Pour mémoire, M. Alpha Condé avait promis à la suite de son élection de faire réaliser des audits sur la gestion de son prédécesseur afin de prendre sans doute la mesure de l’ampleur du désastre économique dans lequel il avait trouvé le pays comme il l’a toujours soutenu.
Cette promesse avait été saluée par presque tous les guinéens qui y voyaient une volonté de rupture avec le précédent régime sur le plan de la gestion des affaires publiques.
Au fil du temps, l’on s’est rendu compte que cette histoire d’audits n’était qu’un épouvantail que M. Alpha Condé agitait à chaque fois qu’il était acculé par la pression de ses opposants dont les trois anciens premiers ministres du président Lansana Conté. On se demande même aujourd’hui s’il y a eu réellement des audits. Pire, il a placé au cœur de son système des personnages qui étaient des éléments- clés du régime précédent. Dès lors, ses fameux discours sur d’anciens premiers ministres de Conté qui auraient pillé le pays n’étaient plus audibles. Dans tous les cas, la question des audits n’avait plus aucune crédibilité, aucune pertinence.
En ce qui concerne les crimes de sang, il n’a pris aucune initiative pour que justice soit rendue. Il a préféré louvoyer. Parlant par exemple des évènements du 28 septembre 2009, il ne s’est pas gêné de déclarer que ce n’était pas une priorité pour les guinéens. En fait, il voulait juste dire que ce n’était pas une priorité pour lui. Pourtant, la CPI avait laissé à la justice guinéenne la mission de juger cette affaire suivant le principe de la subsidiarité. Sans l’engagement des nouvelles autorités avec leur tête le président Alpha Condé d’organiser un procès sur ce dossier, la justice internationale s’en serait saisie. Mais il a préféré trainer les pieds.

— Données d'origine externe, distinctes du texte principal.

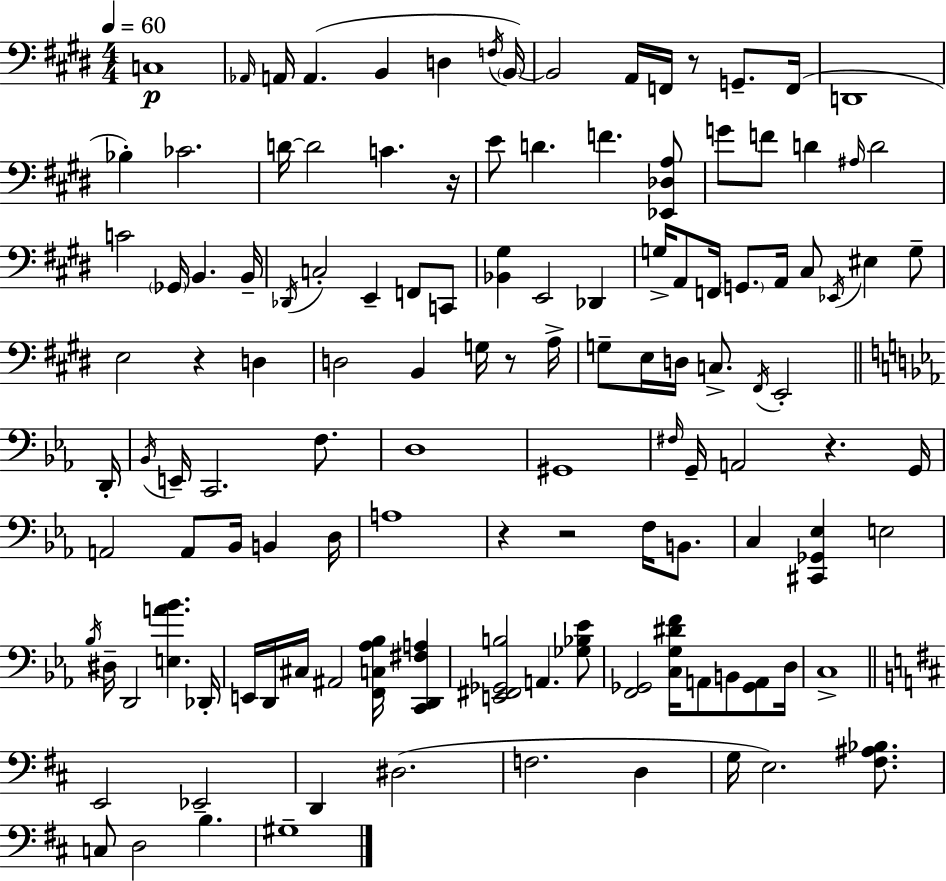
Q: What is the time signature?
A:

Ainsi, l’absence de poursuites judiciaires sur les crimes de sang et les crimes économiques sous le régime Conté et pendant la transition lui est totalement imputable. Si les auteurs de ces crimes avaient été jugés, il n’ y aurait peut-être pas eu des crimes de même nature quasiment entre 2010 et 2021. Mais il a choisi comme il savait si bien le faire de privilégier ses calculs en mettant de côté la question de la justice.
Faut-il prendre cette situation pour prétexte pour ne pas juger les crimes commis pendant les dix dernières années ?

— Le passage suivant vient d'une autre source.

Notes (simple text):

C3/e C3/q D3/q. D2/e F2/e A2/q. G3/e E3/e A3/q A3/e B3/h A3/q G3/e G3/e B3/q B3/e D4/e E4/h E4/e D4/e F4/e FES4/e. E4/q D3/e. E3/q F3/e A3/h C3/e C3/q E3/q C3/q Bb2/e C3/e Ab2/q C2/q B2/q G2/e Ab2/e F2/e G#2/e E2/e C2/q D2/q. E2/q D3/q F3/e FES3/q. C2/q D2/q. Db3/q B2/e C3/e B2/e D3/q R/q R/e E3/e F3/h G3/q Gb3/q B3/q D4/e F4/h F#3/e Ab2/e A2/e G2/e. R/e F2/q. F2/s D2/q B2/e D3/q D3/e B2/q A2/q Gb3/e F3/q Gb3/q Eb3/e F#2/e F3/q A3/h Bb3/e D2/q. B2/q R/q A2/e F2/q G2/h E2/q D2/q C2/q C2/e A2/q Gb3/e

Il n’est pas sûr que ce soit le rôle d’un organe de transition de s’engager sur cette voie. Mais il peut au moins poser les jalons d’un processus pouvant aboutir à un ou des procès afin que les dirigeants sachent qu’ils ne peuvent pas se permettre tout quand ils sont aux affaires. En tout cas, il serait dangereux de dire qu’il n’y aura pas de procès sur des cas de crime puisqu’il n’y en pas eu sur des cas précédents.